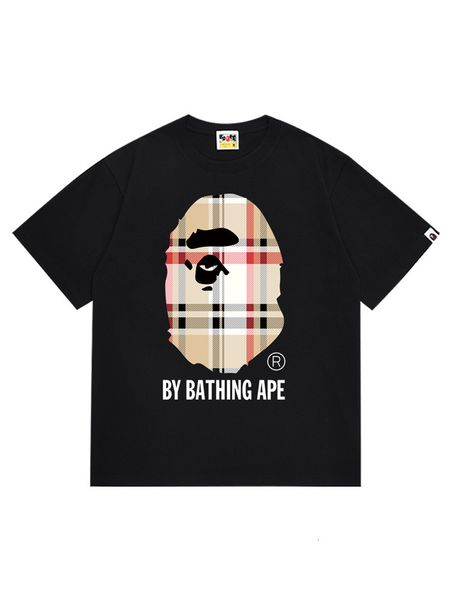 Mens t shirt designer tshirt shark graphic letter print short sleeved loose fit high quality pure cotton short sleeve high street hip hop style short-sleeve shirt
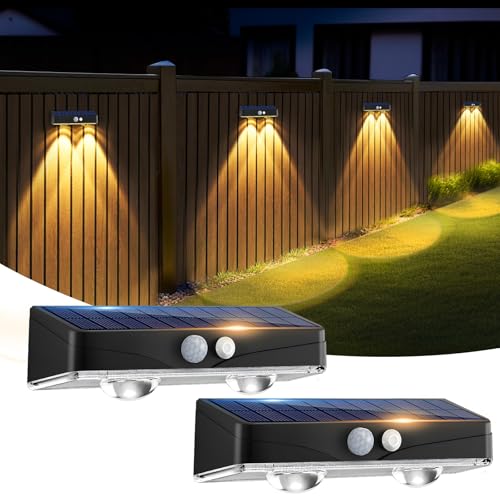 kolpop 2Stück Solarlampen für Außen, Warmweiß von kolpop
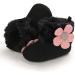 Spring Winter Warm Fleece Booties for Baby | Non-Slip Soft Sole Shoes for Boys Girls | Adjustable Prewalker Boots 0-18 Months (12-18 Months, Black) - Buy Online on GoSupps.com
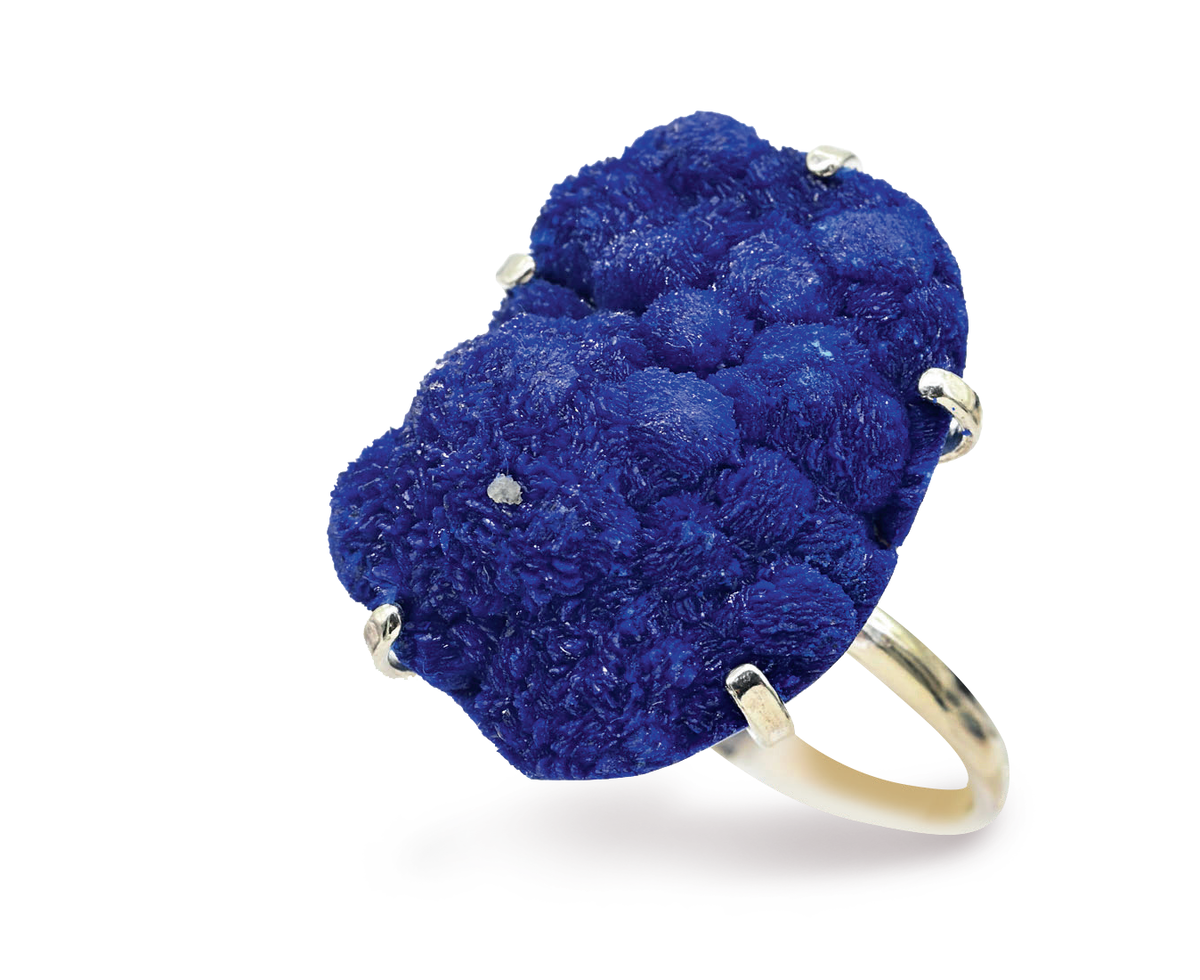 Кольцо, азурит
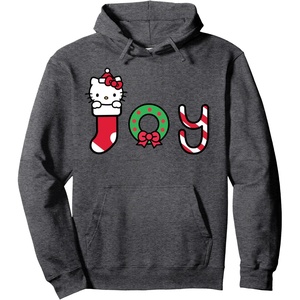 image:imageHello Kitty Christmas Joy Hoodie Pullover HoodieDark Heather Grey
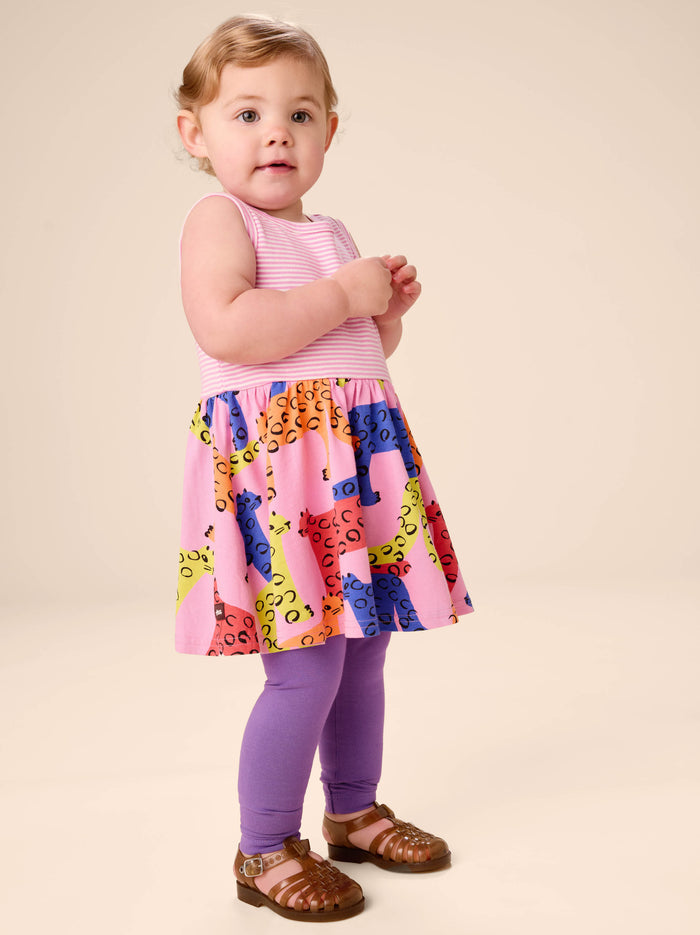 Print Mix Tank Skirted Dress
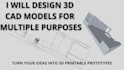design cnc ready cad models and pcb enclosures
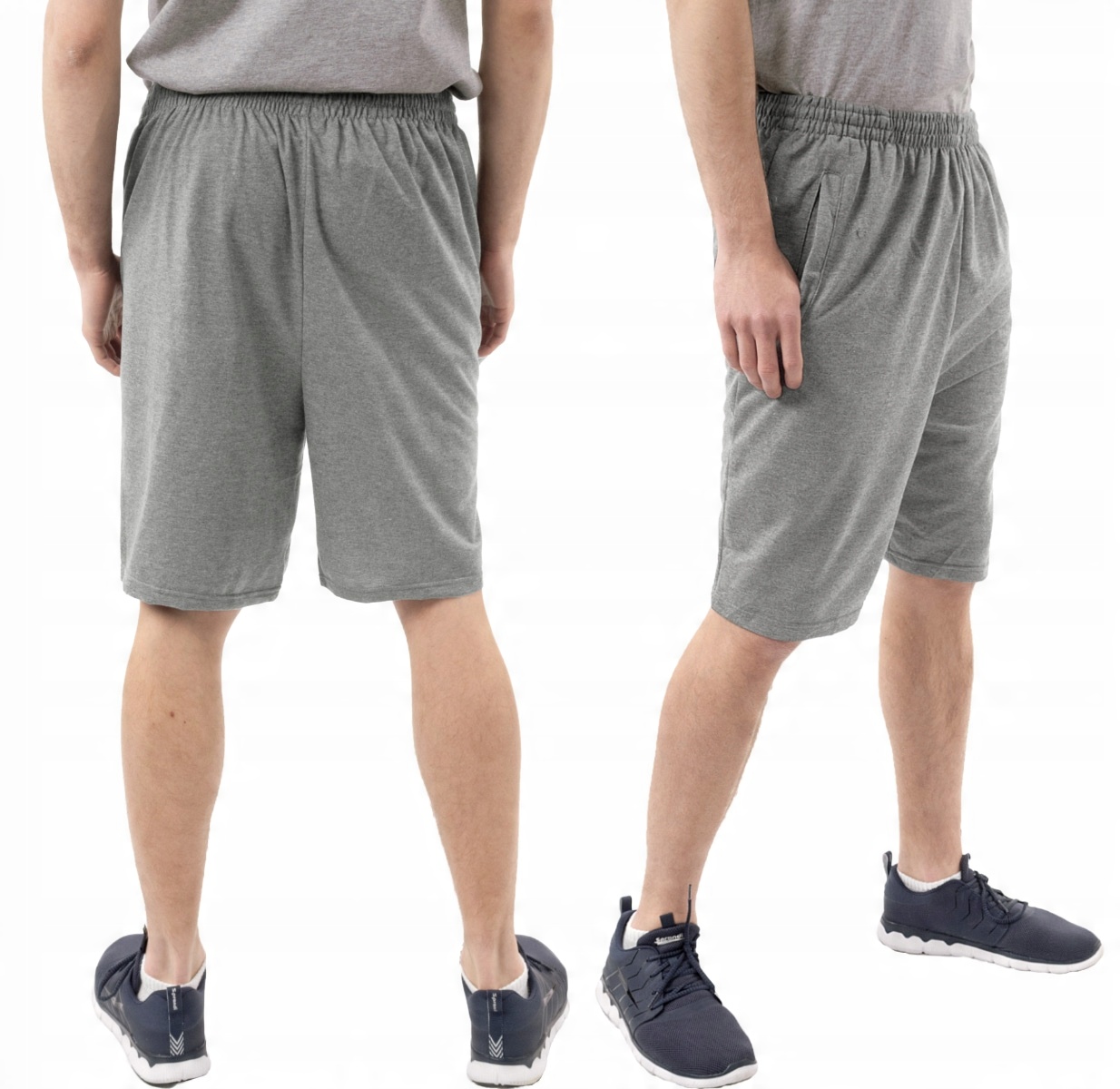 

Krótkie Spodenki Dresowe Szorty Męskie 6209-3 5XL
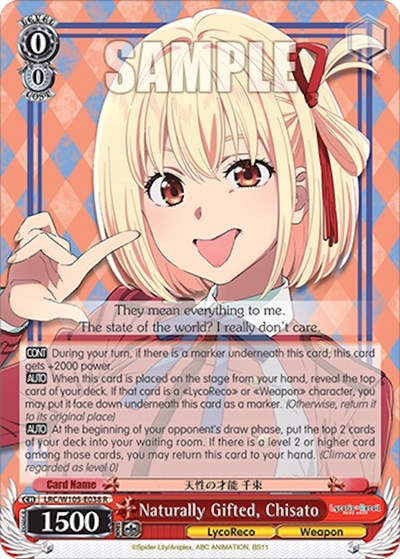 Naturally Gifted, Chisato LRC/W105-E038 R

- **About this task**:
A faithful copy of every entry is needed, omitting each image.

- **Task result**:
 Mens t shirt designer tshirt shark graphic letter print short sleeved loose fit high quality pure cotton short sleeve high street hip hop style short-sleeve shirt
 kolpop 2Stück Solarlampen für Außen, Warmweiß von kolpop
 Spring Winter Warm Fleece Booties for Baby | Non-Slip Soft Sole Shoes for Boys Girls | Adjustable Prewalker Boots 0-18 Months (12-18 Months, Black) - Buy Online on GoSupps.com
 Кольцо, азурит
 image:imageHello Kitty Christmas Joy Hoodie Pullover HoodieDark Heather Grey
 Print Mix Tank Skirted Dress
design cnc ready cad models and pcb enclosures

Krótkie Spodenki Dresowe Szorty Męskie 6209-3 5XL
 Naturally Gifted, Chisato LRC/W105-E038 R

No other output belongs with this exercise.